The problem: Restate the listing below line for line and word for word, without the pictures.

Task input:
=== Begin Enclosure ===

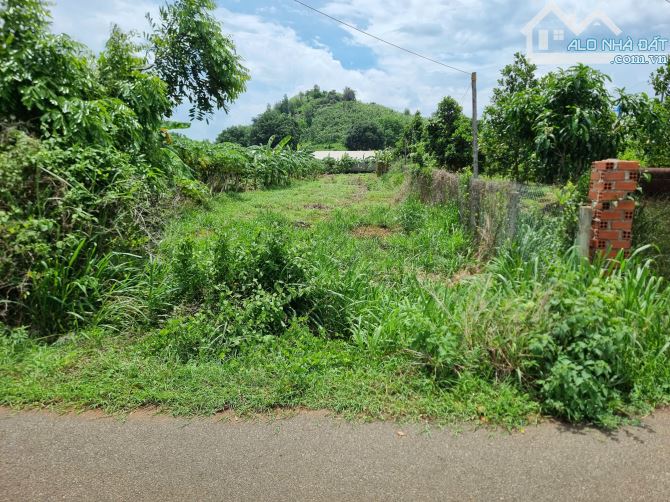🌟 CẦN BÁN 1000m² ĐẤT MẶT TIỀN ĐƯỜNG NHỰA – XÃ LONG PHƯỚC, TP. BÀ RỊA 🌟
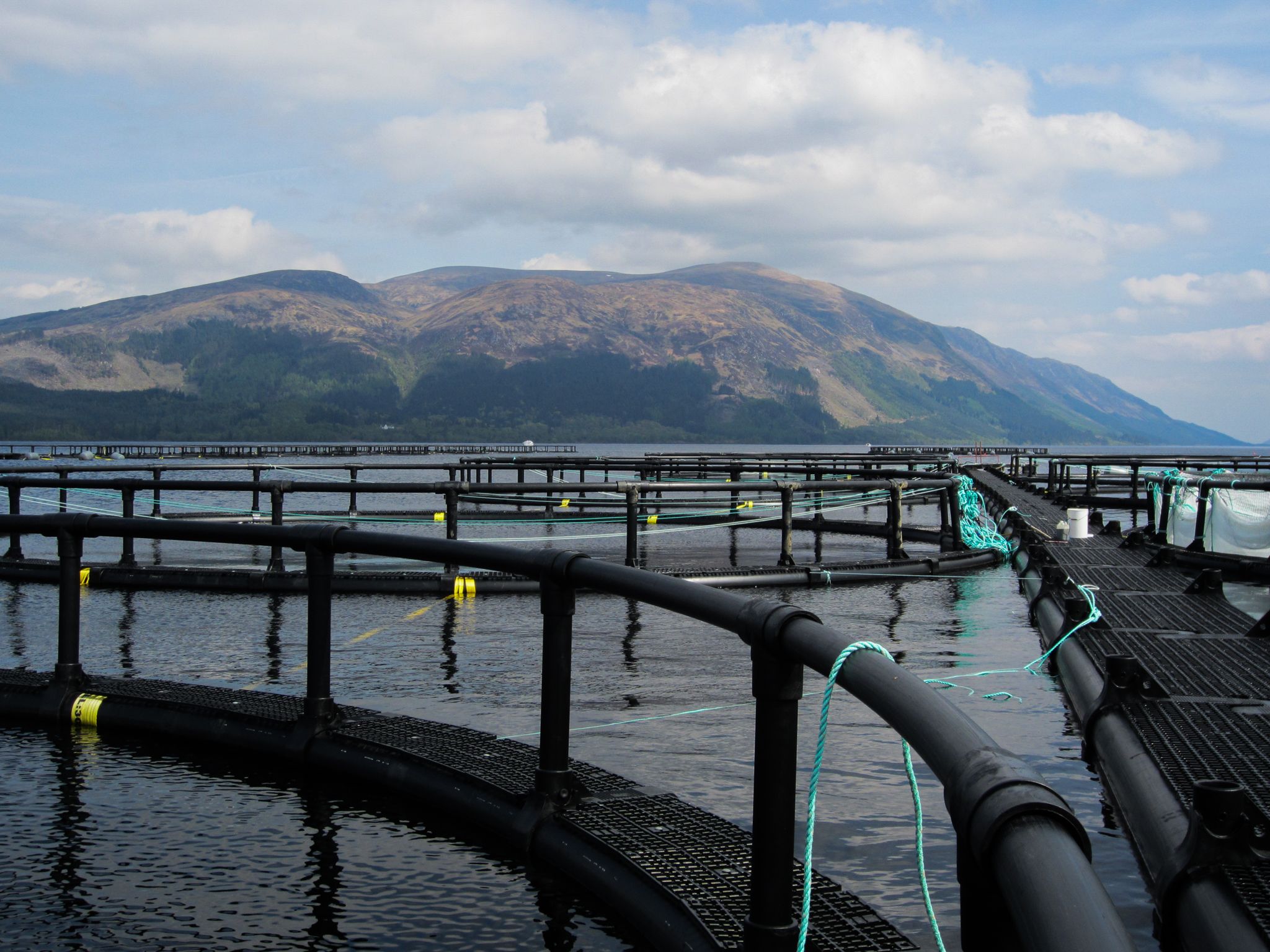 Floating work platform installed between fish pens, providing a stable and safe surface for daily aquaculture operations in exposed coastal conditions.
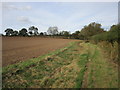 SK6766 : Bridleway to Laxton Common by Jonathan Thacker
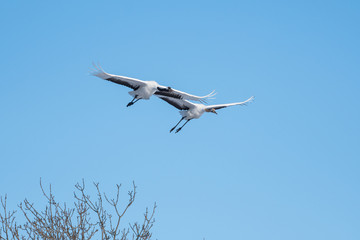 Red-crowned cranes flying in Tsurui Village of Hokkaido Japan. One adult and one young.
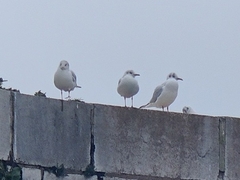 Chroicocephalus ridibundus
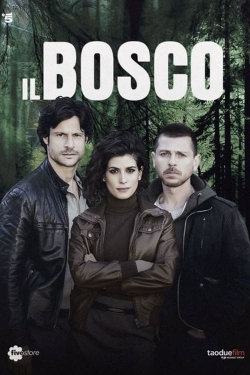 Watch O Bosque Escuro Full Movies Free HD Online 123Movies Alternative Sites | MegaMads.tv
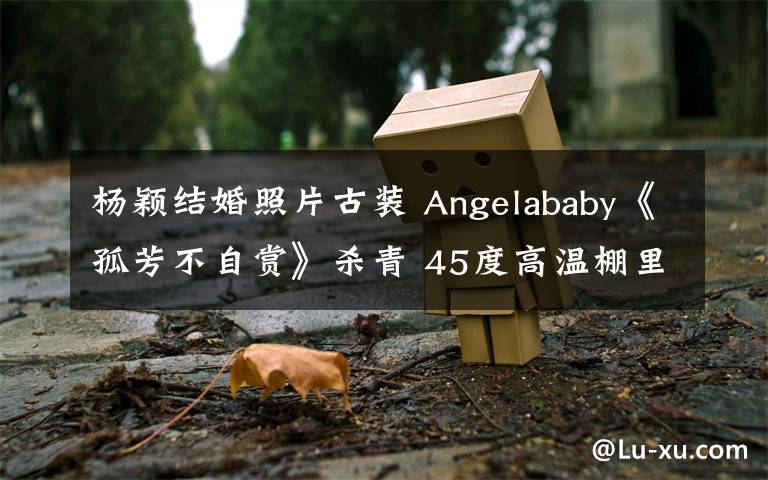 杨颖结婚照片古装 Angelababy《孤芳不自赏》杀青 45度高温棚里穿古装拍戏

=== End Enclosure ===

Solution for this exercise:
🌟 CẦN BÁN 1000m² ĐẤT MẶT TIỀN ĐƯỜNG NHỰA – XÃ LONG PHƯỚC, TP. BÀ RỊA 🌟
 Floating work platform installed between fish pens, providing a stable and safe surface for daily aquaculture operations in exposed coastal conditions.
 SK6766 : Bridleway to Laxton Common by Jonathan Thacker
 Red-crowned cranes flying in Tsurui Village of Hokkaido Japan. One adult and one young.
 Chroicocephalus ridibundus
 Watch O Bosque Escuro Full Movies Free HD Online 123Movies Alternative Sites | MegaMads.tv
 杨颖结婚照片古装 Angelababy《孤芳不自赏》杀青 45度高温棚里穿古装拍戏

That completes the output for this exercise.